One's Trash is Another's Treasure

Carsyn Hall

One’s Trash is Another’s Treasure
Carsyn Hall

15.1 million tons of textile clothing waste was produced in 2013 alone, says the Environmental Protection Agency. Fast fashion offers more affordable clothing, but it comes at an environmental cost.

Less than 100 years ago clothing used to be seen as an investment. In the 1950s consumers spent about 20 percent of their income on clothes, according to The Student Environmental Resource Center. People would take good care of their clothes to make them last as long as possible.

However, this isn’t the case anymore. Invented in the early 20th century, fast fashion and “off the rack” shopping has increased clothing production, which has increased the amount of waste in landfills. In fact, Americans alone throw away about 10.5 million tons of clothing every year. However, buying from thrift stores decreases the amount of plastic in landfills.

Thrift stores or consignment shops offer affordable clothes, while saving the environment by reusing and recycling materials. Thrifting reduces pollution and waste by recycling and reusing clothes. 97.4% net energy is saved from reusing Cotton Clothing, according to Tree Hugger. Buying second hand clothing shrinks your carbon footprint and decreases the amount of resources it takes to create new fabric. Nearly 100% of textiles and clothing are recyclable, says The Balance. “I thrift because I like finding cool and unique clothing for cheap prices. I also know that I’m saving the planet because we are recycling clothes,” says Martin Bodourov.

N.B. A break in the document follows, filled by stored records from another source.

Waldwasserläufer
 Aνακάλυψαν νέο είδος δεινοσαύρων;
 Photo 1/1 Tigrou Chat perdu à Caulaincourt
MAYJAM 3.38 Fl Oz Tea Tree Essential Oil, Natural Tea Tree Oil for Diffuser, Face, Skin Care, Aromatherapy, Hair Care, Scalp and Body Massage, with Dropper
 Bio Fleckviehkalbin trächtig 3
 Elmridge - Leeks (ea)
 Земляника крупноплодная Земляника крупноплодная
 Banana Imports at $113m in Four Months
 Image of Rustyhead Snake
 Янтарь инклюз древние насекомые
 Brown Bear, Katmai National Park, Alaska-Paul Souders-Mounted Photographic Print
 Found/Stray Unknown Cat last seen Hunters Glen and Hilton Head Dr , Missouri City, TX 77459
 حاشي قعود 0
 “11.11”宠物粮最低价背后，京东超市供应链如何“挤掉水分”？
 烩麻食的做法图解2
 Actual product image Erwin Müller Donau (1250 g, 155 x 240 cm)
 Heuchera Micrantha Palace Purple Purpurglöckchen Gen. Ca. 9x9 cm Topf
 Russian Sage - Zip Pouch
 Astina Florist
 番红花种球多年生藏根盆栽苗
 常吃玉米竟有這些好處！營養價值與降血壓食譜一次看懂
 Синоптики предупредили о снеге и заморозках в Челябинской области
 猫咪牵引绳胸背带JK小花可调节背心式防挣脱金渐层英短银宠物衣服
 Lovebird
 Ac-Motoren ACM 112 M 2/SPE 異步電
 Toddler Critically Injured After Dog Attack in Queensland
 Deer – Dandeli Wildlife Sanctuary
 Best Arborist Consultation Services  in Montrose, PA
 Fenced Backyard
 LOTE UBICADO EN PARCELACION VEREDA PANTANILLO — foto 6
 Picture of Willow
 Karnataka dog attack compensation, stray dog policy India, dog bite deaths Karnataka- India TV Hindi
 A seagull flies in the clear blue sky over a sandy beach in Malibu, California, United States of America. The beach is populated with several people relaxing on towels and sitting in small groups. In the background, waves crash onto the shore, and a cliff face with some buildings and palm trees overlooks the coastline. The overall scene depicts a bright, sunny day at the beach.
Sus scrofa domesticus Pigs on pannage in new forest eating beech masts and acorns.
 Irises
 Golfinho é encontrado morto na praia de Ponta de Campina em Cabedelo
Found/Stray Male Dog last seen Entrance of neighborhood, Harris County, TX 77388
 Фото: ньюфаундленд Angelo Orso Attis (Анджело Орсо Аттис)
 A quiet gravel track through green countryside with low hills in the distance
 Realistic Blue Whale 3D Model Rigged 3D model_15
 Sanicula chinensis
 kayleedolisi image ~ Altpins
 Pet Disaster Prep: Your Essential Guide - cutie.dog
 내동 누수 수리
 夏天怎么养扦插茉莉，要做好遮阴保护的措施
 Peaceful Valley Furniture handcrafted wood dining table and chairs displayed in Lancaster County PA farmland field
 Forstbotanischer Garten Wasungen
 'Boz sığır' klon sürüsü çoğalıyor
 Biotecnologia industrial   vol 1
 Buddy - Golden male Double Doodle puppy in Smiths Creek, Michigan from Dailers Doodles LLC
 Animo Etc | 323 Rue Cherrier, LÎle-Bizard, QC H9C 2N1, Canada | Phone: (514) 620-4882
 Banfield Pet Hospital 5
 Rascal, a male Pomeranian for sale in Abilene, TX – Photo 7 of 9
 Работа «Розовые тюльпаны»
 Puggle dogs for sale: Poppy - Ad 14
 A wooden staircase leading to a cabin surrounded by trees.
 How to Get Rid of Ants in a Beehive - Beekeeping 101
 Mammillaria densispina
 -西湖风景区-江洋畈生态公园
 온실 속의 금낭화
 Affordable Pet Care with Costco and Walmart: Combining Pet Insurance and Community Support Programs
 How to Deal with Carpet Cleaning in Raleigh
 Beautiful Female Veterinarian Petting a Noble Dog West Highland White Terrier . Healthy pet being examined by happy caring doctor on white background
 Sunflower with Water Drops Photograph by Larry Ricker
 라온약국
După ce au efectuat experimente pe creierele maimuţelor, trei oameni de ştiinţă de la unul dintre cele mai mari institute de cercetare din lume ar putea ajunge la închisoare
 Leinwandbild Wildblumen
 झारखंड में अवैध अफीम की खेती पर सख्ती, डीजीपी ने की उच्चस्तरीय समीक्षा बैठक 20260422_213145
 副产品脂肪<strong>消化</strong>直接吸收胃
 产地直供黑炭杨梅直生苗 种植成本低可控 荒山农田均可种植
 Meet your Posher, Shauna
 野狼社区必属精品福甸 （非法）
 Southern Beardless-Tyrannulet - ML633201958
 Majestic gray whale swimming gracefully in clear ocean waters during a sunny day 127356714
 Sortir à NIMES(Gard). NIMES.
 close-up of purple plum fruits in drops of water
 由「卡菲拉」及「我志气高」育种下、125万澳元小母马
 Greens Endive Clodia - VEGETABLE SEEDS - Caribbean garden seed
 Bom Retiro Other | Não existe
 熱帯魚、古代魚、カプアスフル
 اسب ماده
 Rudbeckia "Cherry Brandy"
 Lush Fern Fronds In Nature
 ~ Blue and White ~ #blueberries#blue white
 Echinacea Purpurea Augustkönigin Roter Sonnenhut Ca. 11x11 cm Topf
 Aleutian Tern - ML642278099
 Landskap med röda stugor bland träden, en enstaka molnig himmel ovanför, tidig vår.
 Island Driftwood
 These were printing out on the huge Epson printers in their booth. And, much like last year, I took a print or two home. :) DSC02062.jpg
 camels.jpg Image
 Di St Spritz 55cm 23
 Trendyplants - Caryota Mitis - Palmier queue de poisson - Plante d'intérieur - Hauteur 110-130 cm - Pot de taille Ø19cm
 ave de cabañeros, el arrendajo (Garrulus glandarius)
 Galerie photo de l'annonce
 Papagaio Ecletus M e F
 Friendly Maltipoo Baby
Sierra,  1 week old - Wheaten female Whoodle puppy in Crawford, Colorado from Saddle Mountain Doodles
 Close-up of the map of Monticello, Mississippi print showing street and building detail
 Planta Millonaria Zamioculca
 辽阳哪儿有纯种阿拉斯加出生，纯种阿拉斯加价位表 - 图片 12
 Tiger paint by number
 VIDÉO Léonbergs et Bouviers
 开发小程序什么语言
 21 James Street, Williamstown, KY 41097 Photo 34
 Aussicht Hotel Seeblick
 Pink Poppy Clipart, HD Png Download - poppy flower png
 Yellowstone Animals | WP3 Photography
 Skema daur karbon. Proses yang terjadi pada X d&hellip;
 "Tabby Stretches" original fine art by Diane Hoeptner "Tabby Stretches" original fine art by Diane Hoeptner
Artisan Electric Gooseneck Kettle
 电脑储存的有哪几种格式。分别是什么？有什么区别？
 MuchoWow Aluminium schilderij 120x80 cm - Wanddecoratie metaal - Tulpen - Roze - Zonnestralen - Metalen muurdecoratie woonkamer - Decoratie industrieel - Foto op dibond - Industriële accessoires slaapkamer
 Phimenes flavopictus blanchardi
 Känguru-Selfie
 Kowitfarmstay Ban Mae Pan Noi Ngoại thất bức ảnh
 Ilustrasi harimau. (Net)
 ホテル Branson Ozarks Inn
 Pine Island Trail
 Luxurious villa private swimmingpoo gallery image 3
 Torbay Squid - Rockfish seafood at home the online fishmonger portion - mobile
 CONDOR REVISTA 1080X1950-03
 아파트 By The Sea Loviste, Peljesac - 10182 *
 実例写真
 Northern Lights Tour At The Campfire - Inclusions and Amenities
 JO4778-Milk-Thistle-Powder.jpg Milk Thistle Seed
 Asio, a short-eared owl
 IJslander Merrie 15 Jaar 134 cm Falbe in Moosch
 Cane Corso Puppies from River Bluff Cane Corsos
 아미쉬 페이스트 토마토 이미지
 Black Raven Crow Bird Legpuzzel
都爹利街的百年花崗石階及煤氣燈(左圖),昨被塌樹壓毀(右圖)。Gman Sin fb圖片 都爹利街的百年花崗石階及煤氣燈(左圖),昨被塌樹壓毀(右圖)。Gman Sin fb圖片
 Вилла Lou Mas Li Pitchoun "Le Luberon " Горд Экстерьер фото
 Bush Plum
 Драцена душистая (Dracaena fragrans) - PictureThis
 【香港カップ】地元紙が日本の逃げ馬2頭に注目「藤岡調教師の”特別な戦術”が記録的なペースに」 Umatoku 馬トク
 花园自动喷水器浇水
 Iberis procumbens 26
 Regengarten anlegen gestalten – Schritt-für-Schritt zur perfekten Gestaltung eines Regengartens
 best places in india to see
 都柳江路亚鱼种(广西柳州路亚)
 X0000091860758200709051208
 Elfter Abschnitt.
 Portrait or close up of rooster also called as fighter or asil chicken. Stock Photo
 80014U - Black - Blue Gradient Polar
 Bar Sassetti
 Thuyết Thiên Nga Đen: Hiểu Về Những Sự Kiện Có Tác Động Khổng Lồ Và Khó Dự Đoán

People tend to misunderstand thrifting. They assume that the clothes are dirty, torn, or worn down because of their cheap prices. Despite being less expensive, secondhand items are often actually better quality than new ones. It’s a good sign that it’s durable because it lasted long enough to be donated, says Vagabondary.

Most of the time, people are just looking to give away their clothes to declutter. This means that nice brands are also donated to Goodwill and other consignment stores. “I like to donate my clothes once every three or four months. If I don’t wear them anymore or I’ve outgrown it, I like to give it away knowing that someone else will buy it and wear it like I used to. If I can’t wear it, someone else should,” says Will Balentine.

From personal experience, some of the best clothes I own came from my local Goodwill or other thrift stores. For example, I found a pair of Nike shoes that would regularly price for over $100 for $24. I’ve bought several nice clothing items such as a Ralph Lauren Polo sweater, Tommy Hilfiger jackets, and other nice brands such as Nike, Nautica, Vans, and IZOD. The clothes I’ve bought have lasted, and I will continue to wear them in the future.

Thrifting not only saves your wallet, but it saves the planet. The waste produced in landfills from fast fashion rots and decomposes, producing harmful gases such as CO2 and methane, which are both greenhouse gases and contribute to global warming, says Imacademics.